El 27 de octubre, Eguía hostigaba a Córdoba en Guevara, y a mediados de noviembre le obligaba a retirarse de una atrevida incursión a Estella. Fue en estas fechas cuando comenzaba Córdoba a construir sus famosas líneas, destinadas a impedir las incursiones de los carlistas fuera del territorio en ellas delimitado, y también a dificultar sus aprovisionamientos de víveres y municiones. Aunque la experiencia demostrase que podían ser atravesadas sin excesivos problemas por las expediciones que los carlistas enviaban al interior de la península, sirvieron para imposibilitar que los carlistas pudieran realizar sus periódicas invasiones de la Ribera, acabaron con el bloqueo semi-permanente al que estaban sometidas Pamplona y Vitoria y, “a no existir la guerra en otros puntos del Reino”, hubieran podido ser decisivas. Otro suceso que empeoró la situación de los carlistas fue el alzamiento pro-liberal de los valles de la Aezcoa, el Roncal y Salazar, que desde la época de Zumalacárregui habían quedado abandonados a su suerte.
Primera batalla de Arlabán (16-18 de enero de 1836)
En la madrugada del 3 de enero de 1836, los chapelgorris, la brigada ligera del brigadier Reid y el BI-2 inglés salieron de Vitoria con dirección a Salvatierra, donde se decía que los carlistas habían concentrado 22 BIs.
A mediodía se escuchó desde la ciudad un breve tiroteo procedente de una refriega entre los chapelgorris y dos o tres puestos avanzados carlistas que se dejaron ver en las inmediaciones de Arbulo. Aquella tarde fueron ocupados los pueblos de Elorriaga, Arcaute e Ilárraza.
El 7 de enero, se sumó a las fuerzas anteriores el RI-1 inglés, que había salido la víspera de la capital alavesa. Después de Ilárraza fueron ocupadas las aldeas de Cerio y Matauco, muy próximas entre sí. En esta última levantaron una barricada de troncos que cortaba la carretera. Un pelotón de soldados se quedó defendiéndola.

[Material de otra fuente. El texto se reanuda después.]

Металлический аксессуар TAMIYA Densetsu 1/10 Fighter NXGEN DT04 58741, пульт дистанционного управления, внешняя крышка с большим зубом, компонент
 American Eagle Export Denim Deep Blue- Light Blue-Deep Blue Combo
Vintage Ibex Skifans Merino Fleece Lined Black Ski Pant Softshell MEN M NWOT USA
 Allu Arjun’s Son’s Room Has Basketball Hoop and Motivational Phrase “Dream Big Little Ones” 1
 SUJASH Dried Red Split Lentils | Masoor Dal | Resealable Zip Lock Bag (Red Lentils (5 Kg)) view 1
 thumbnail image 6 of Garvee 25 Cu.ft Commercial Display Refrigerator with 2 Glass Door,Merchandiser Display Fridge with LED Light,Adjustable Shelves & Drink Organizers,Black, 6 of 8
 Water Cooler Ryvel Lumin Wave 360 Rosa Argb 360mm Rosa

Los ingleses permanecieron varios días acuartelados en estos pueblos, esperando que Córdoba determinase la fecha del ataque; pero el general no quería iniciarlo hasta que la Legión Francesa se sumase al grueso de las tropas. Durante estas jornadas de espera inactiva, en las que no quedaba otro recurso para entretener las horas que observar los movimientos del adversario.
La expedición francesa llegó por fin a las puertas de Vitoria el 13 de enero, y dos días más tarde toda la Legión Británica se concentraba entre Ilárraza y Matauco. Luis Fernández de Córdoba y su Estado Mayor decidieron atacar a los carlistas; contaban con la Legión Auxiliar Británica, la Legión Francesa y unidades al mando de Baldomero Espartero, divididos en tres frentes que pretendían efectuar una acción envolvente sobre el enemigo.
En el flanco derecho, la legión británica de Lacy Evans con los chapelgorris y varios batallones españoles, entre ellos el de cazadores de Álava, debía atacar al enemigo por la derecha e interceptar todo intento carlista de ayudar desde Guevara y Salvatierra a las fuerzas que combatían en Arlabán.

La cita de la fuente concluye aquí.